Chiariamo subito che Ad astra non è un film di fantascienza, almeno non nel senso più comune del termine. La pellicola si concede pochissime scene di azione e si abbandona ad un ritmo lento (ma perfettamente studiato) che a molti risulterà indigesto, donando in cambio numerosi spunti di riflessione sia a livello sociale che filosofico. Il regista James Gray delinea un società cupa, rigida, in cui gli astronauti devono continuamente reprimere le proprie emozioni per non essere giudicati inabili al servizio da parte di apposite macchine. In questo contesto, stupisce il forte impeto riposto in uno scopo nobile, o comunque idealista, come la ricerca di forme di vita extraterrestri; probabilmente si tratta di un inconscio tentativo di fuga da un sistema opprimente, da una serie di problemi che il genere umano continua ad esportare dalla Terra su altri pianeti. Emblematica, a tale proposito, la riflessione compiuta da Roy mentre attraversa i corridoi di una metropolitana situata nientepopodimeno che sulla Luna.

Il senso di oppressione delle basi sotterranee, reso con l’uso di specifiche tonalità di colore..
.. contrasta con la splendida fotografia ad ampio respiro delle scene nello spazio

La domanda che tuttavia scorre nella testa dello spettatore per tutto il corso del film, e si esplicita nel momento in cui [SPOILER SPOILER SPOILER SPOILER SPOILER SPOILER SPOILER SPOILER SPOILER SPOILER SPOILER!] Roy finalmente incontra suo padre,è la seguente: siamo sicuri che la soluzione ai nostri problemi venga dall’esterno e non dall’interno, da un’analisi onesta di noi stessi e del rapporto con gli altri? Clifford Mcbride ha dedicato la sua intera vita a studiare lo spazio per dimostrare che non siamo soli, abbandonando gli affetti più cari e generando un senso di vuoto in Roy il quale, a sua volta, rischia di ripercorrere il cammino paterno, isolandosi dalla moglie. L’esistenza di Clifford è un fallimento non perché non ha trovato le prove che cercava, ma perché se il suo scopo era dare un senso ad ogni cosa ha guardato per decenni dalla parte sbagliata. [FINE SPOILER]. L’interpretazione di Brad Pitt, veramente degna di nota, riesce a rendere credibile questo percorso di formazione e le sensazioni di smarrimento ed angoscia che il protagonista subisce nel mentre.
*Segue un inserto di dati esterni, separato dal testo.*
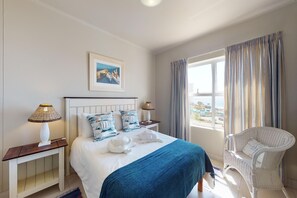 Comfort Apartment, 3 Bedrooms | Blackout drapes, iron/ironing board, bed sheets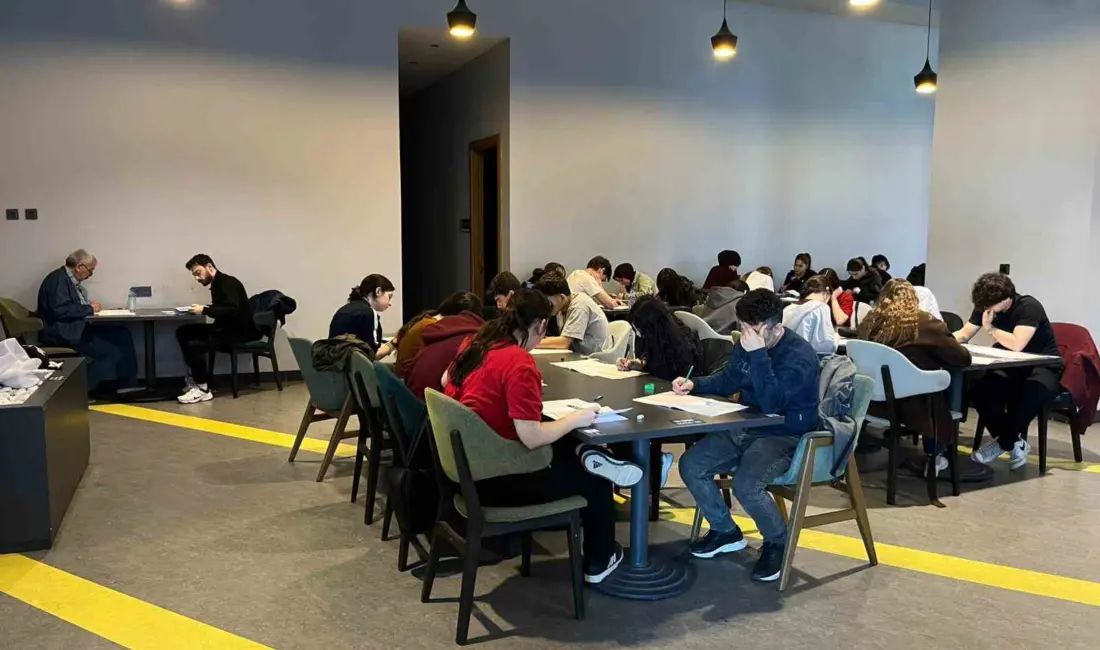 Yıldırım Belediyesi, üniversite hayali kuran öğrenciler için ücretsiz deneme sınavı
Un applauso va a Brad Pitt che dimostra ancora una volta di essere un grande attore..

Tutto oro ciò che luccica, quindi? Non esattamente. Nonostante il soggetto sicuramente interessante, Ad Astra è un film inutilmente pesante in certi frangenti che avrebbe tratto giovamento da trovate narrative un pelo più elaborate. E’ vero che il senso della pellicola è proprio che non ci sarà mai nulla dietro il prossimo orizzonte per chi non cambia prima sé stesso, ma il prodotto finale soffre per questa impostazione “minimalista”. Ad astra è comunque un’opera valida, che avrebbe potuto raggiungere il livello del capolavoro a cui si ispira (2001: Odissea nello spazio, of course) se solo avesse mostrato più coraggio nel lasciare qualcosa di sè impresso nella mente del pubblico.

PRO:

  • Soggetto interessante, ricco di spunti di riflessione a livello sociale e filosofico.
  • Buona interpretazione di Brad Pitt, che riesce a rendere credibile lo sviluppo del suo personaggio.
  • La fotografia delle scene nello spazio lascia a bocca aperta.

CONTRO:

  • Ritmo eccessivamente lento e pesante in alcuni frangenti.
  • Qualche colpo di scena o trovata narrativa ulteriori avrebbero potuto rendere questo film indimenticabile.
  • Ricerca il paragone con un mostro sacro come “2001: Odissea nello spazio” rimanendone scottato.